Problem statement: Every line of the listing below is to be repeated exactly; the pictures stay out.
Data excerpt Block Start
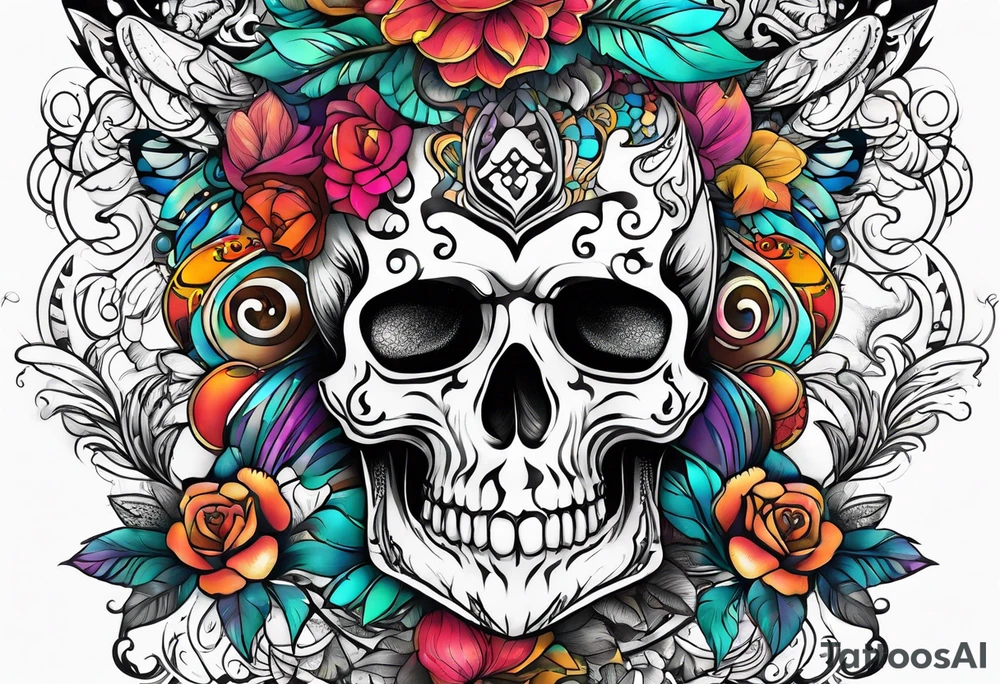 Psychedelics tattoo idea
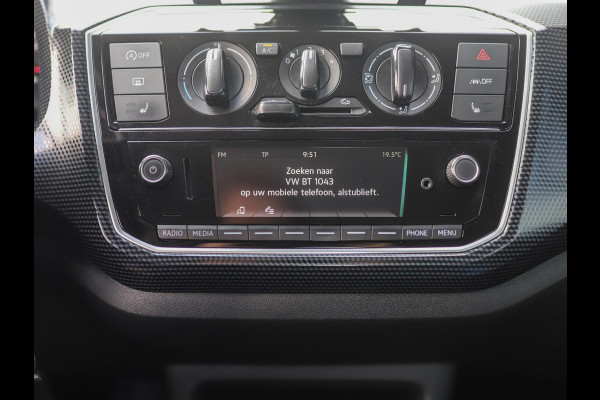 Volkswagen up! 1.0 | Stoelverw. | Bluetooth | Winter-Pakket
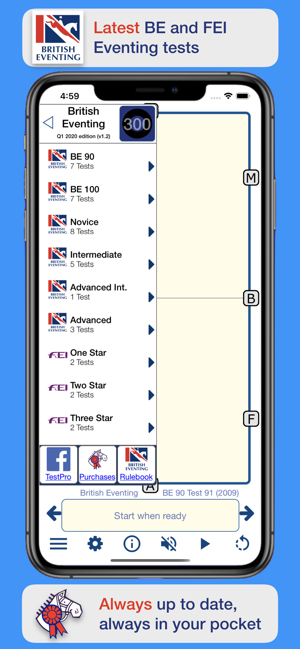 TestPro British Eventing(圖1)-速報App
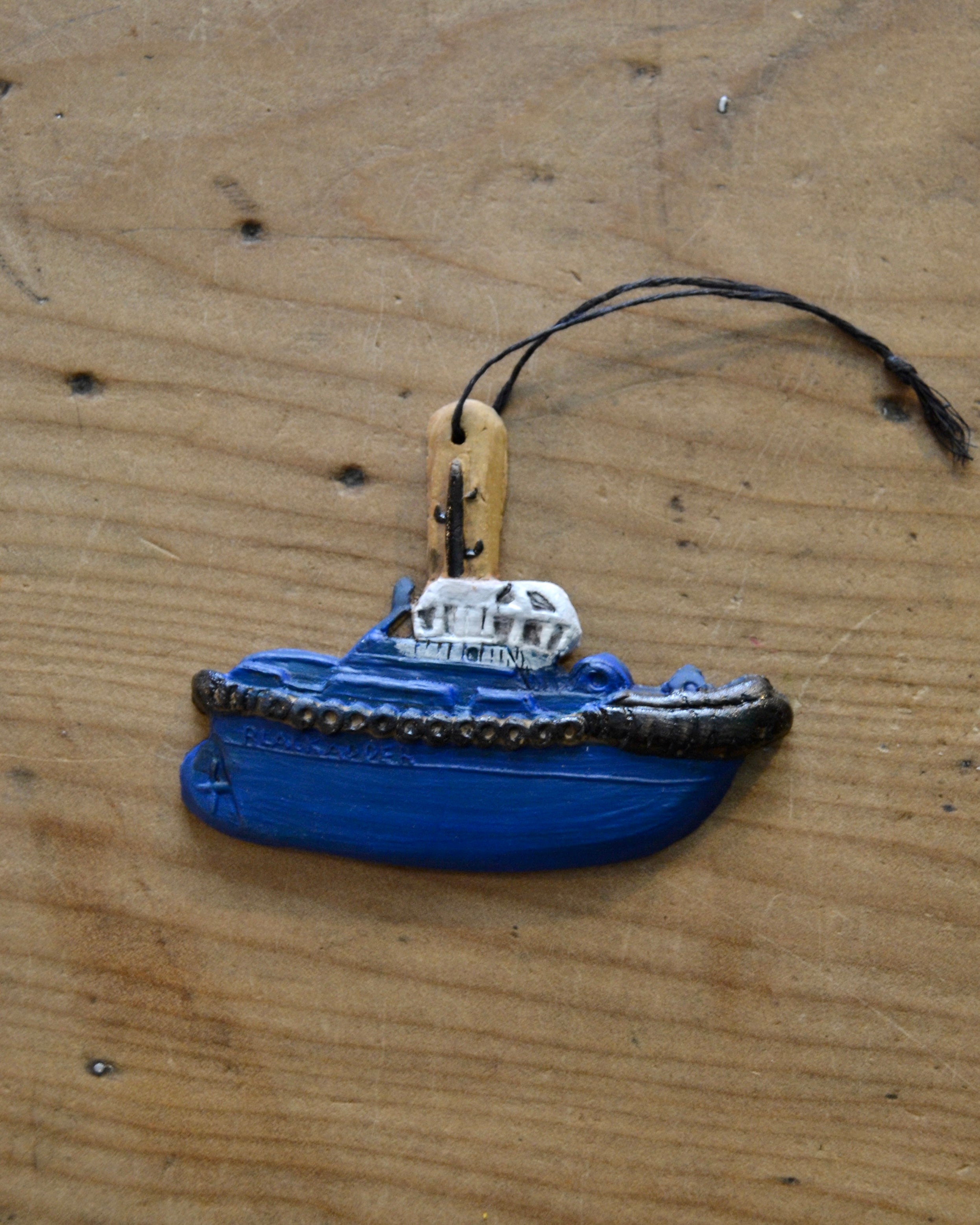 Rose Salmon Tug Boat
Data excerpt Block End
Reply:
 Psychedelics tattoo idea
 Volkswagen up! 1.0 | Stoelverw. | Bluetooth | Winter-Pakket
 TestPro British Eventing(圖1)-速報App
 Rose Salmon Tug Boat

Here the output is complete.